> **Data provided**

=== Section Start ===

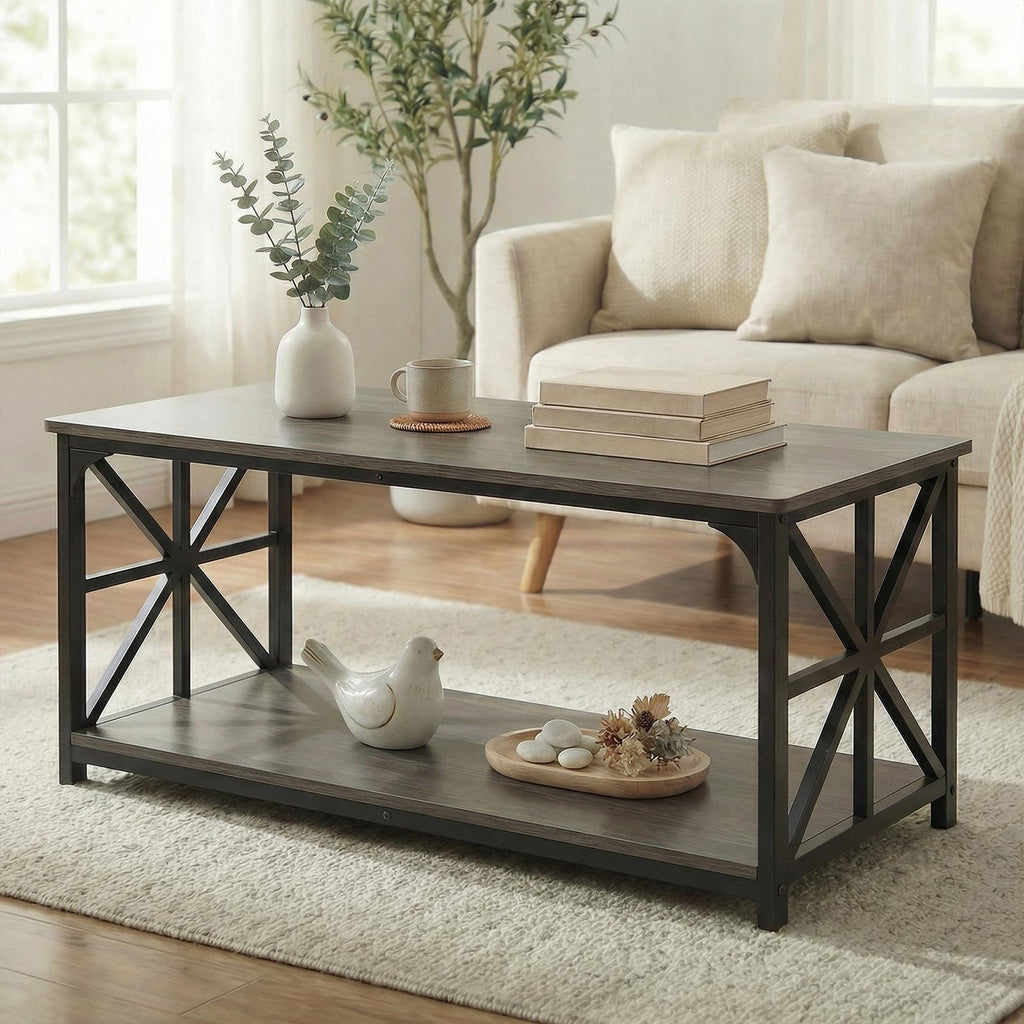 2-Tier Rectangular Coffee Table with Wooden Top and Metal Frame D593887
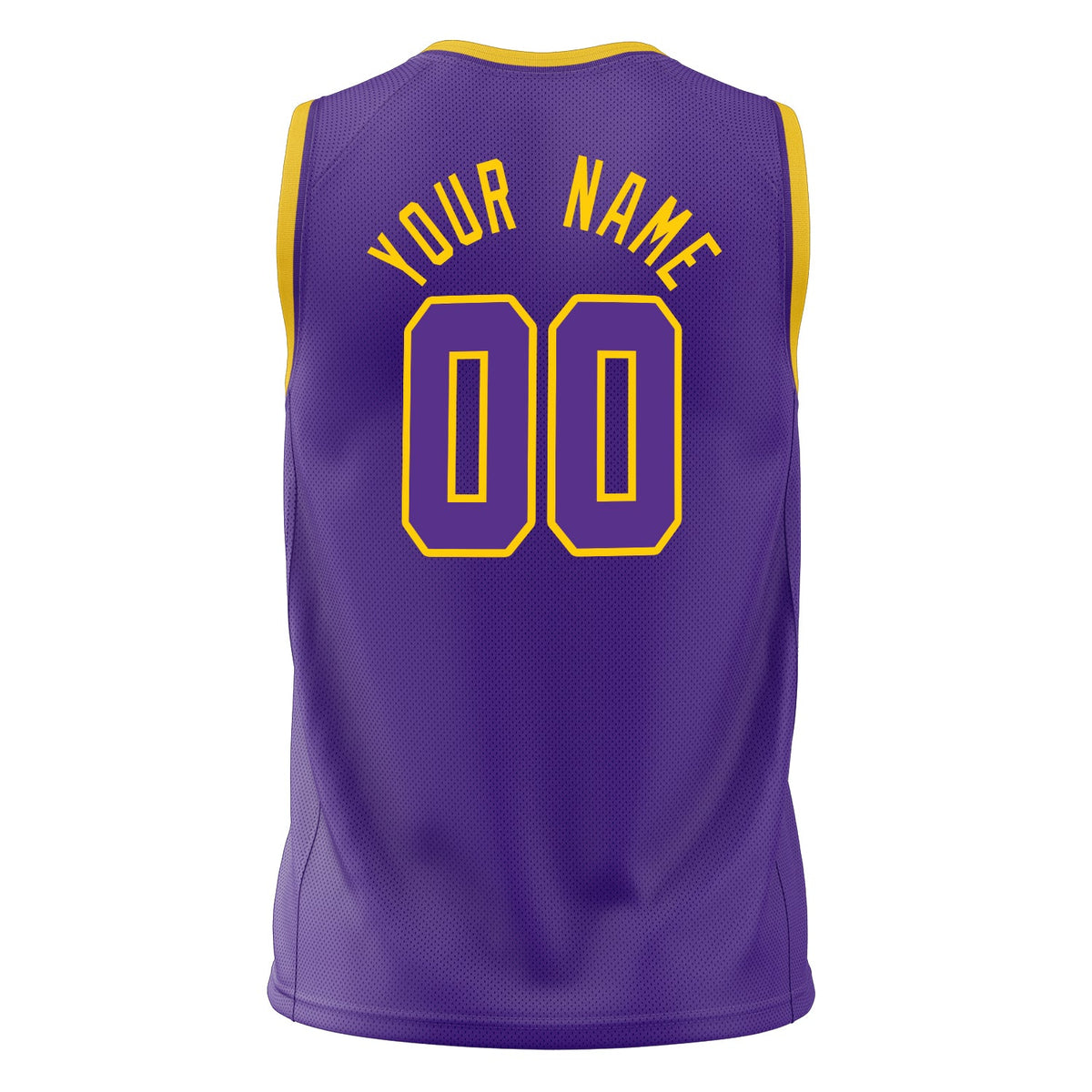 Custom Purple Gold Solid Color Basketball Jersey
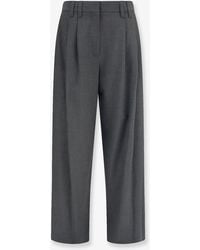 Brunello Cucinelli - Stretch Virgin Wool Blend Trousers With Monili Detail - Lyst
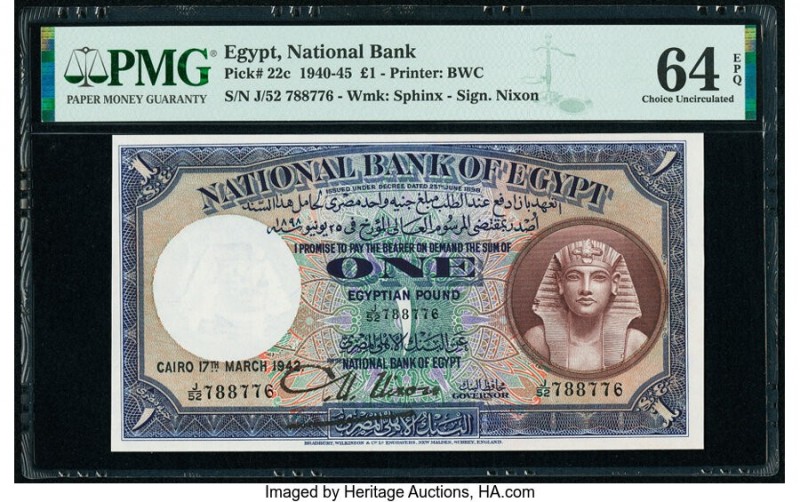 Egypt National Bank of Egypt 1 Pound 17.3.1942 Pick 22c PMG Choice Uncirculated ...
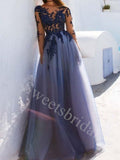 Elegant Long sleeves A-line Long Prom Dresses,SW1627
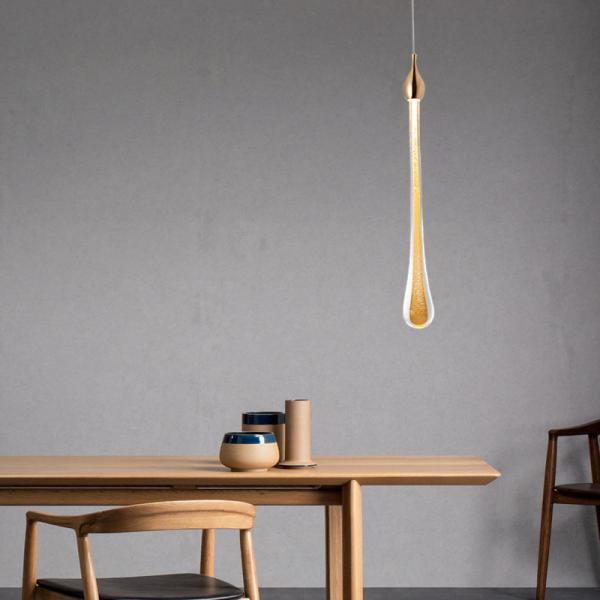 Raindrop Golden Single Head Small Chandelier Luxury Copper Glass Led Hanging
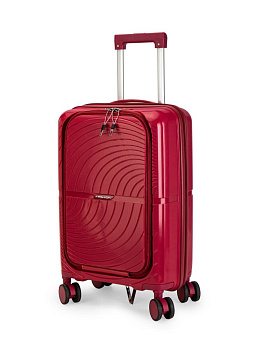 Чемодан на колесах S (36х22х55см) абстракция с дополнительным отделом красный PP 000000000001226567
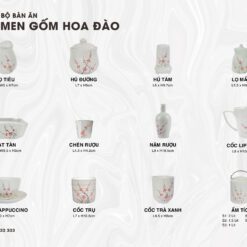Bộ Chén Đĩa Men Gốm Hoa Đào - SVN BBA 04042402 Bộ chén đĩa men gốm hoa đào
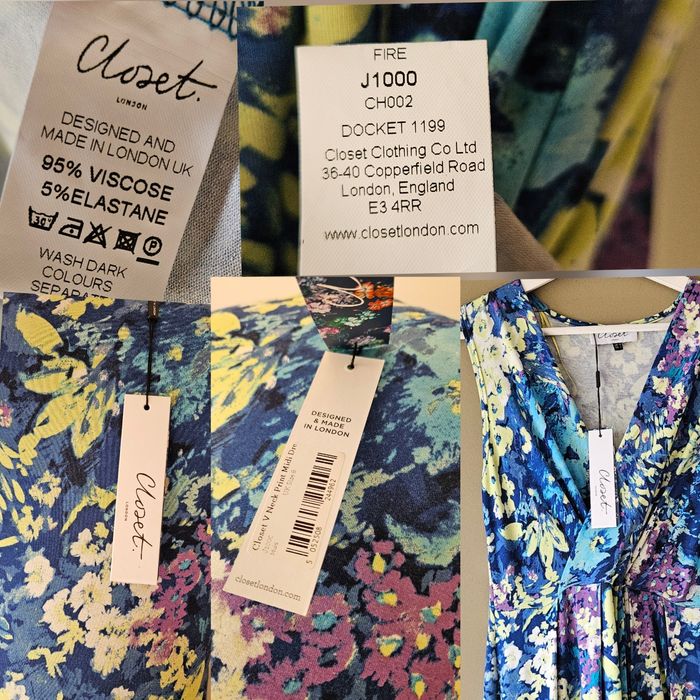 Nowa sukienka z viskozy Closet rozmiar 38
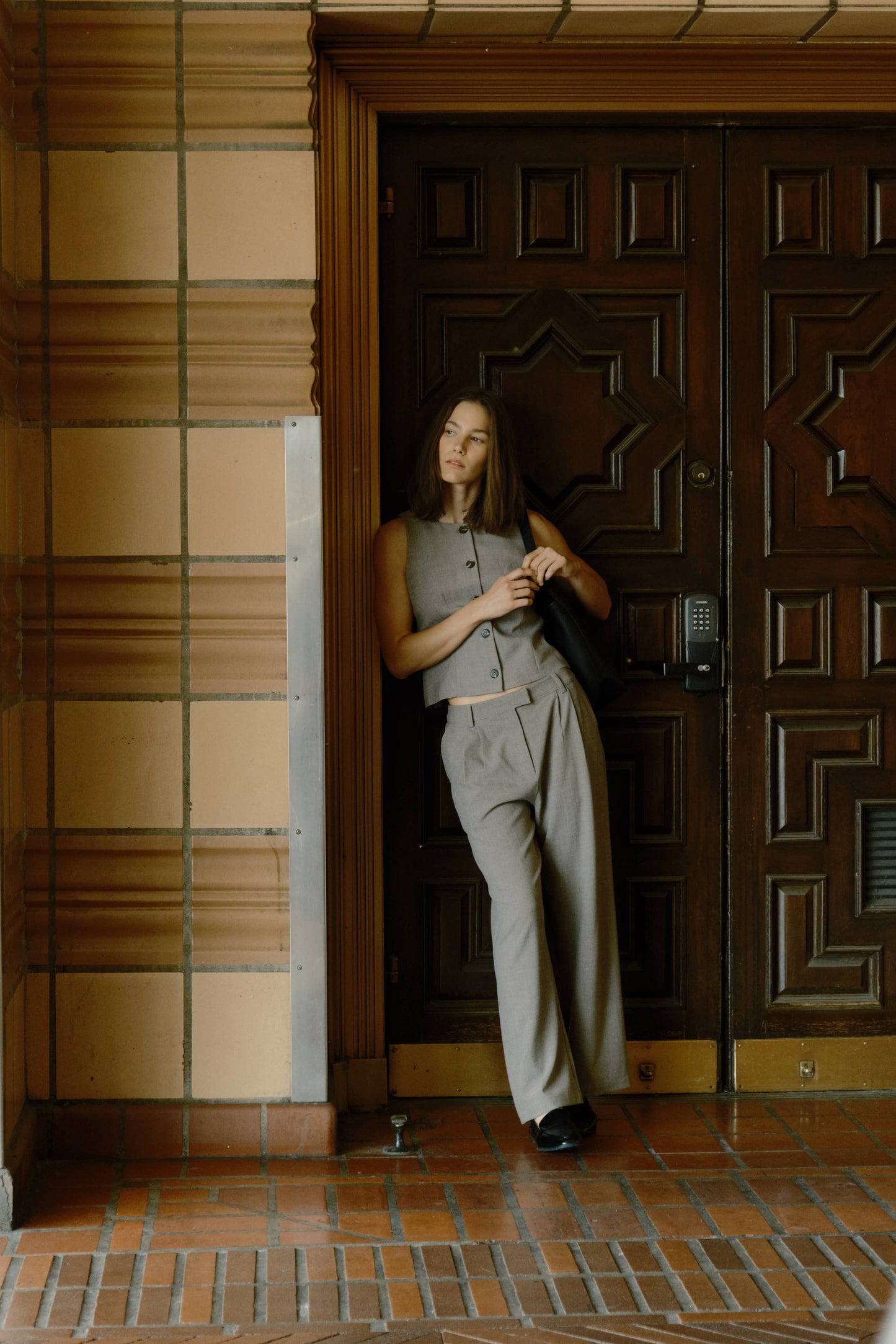 Charcoal Pleated Straight Leg Trouser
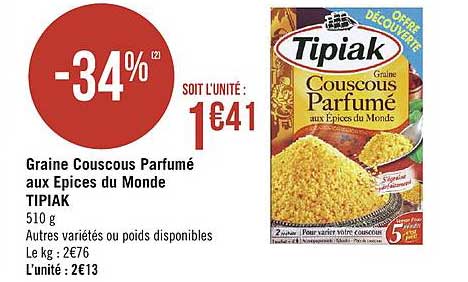 graine couscous parfumé aux épices du monde tipiak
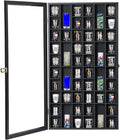 Shot Glass Display Case Large Wooden Cabinet Rack Holder Wall Mounted Black by SNAIL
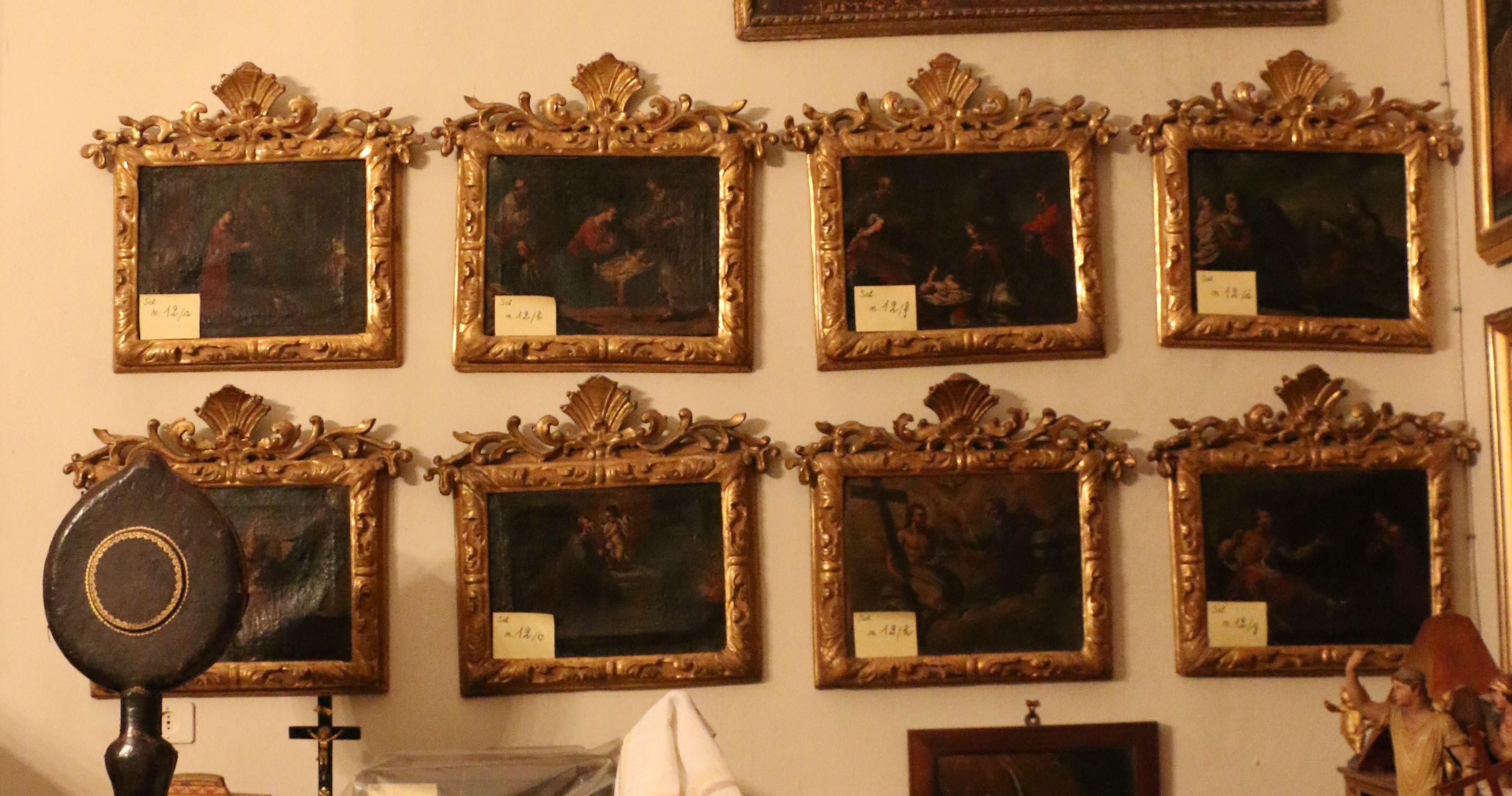 Sposalizio di Maria, Natività di Gesù, Adorazione di Gesù Bambino, San Giuseppe adora Gesù Bambino, Riposo nella Fuga in Egitto, Presentazione di Gesù al tempio, Morte di Giobbe, Trinità (dipinto, insieme) - ambito romagnolo (XVIII)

=== Section End ===

> **What is needed**
Go back to the lines above and output, exactly as they stand, the ones from the line containing "Raindrop Golden Single" to the line containing "Nowa sukienka z viskozy Closet rozmiar 38". Leave all pictures behind.

> **Solution below**
 Raindrop Golden Single Head Small Chandelier Luxury Copper Glass Led Hanging
 Чемодан на колесах S (36х22х55см) абстракция с дополнительным отделом красный PP 000000000001226567
Bộ Chén Đĩa Men Gốm Hoa Đào - SVN BBA 04042402 Bộ chén đĩa men gốm hoa đào
 Nowa sukienka z viskozy Closet rozmiar 38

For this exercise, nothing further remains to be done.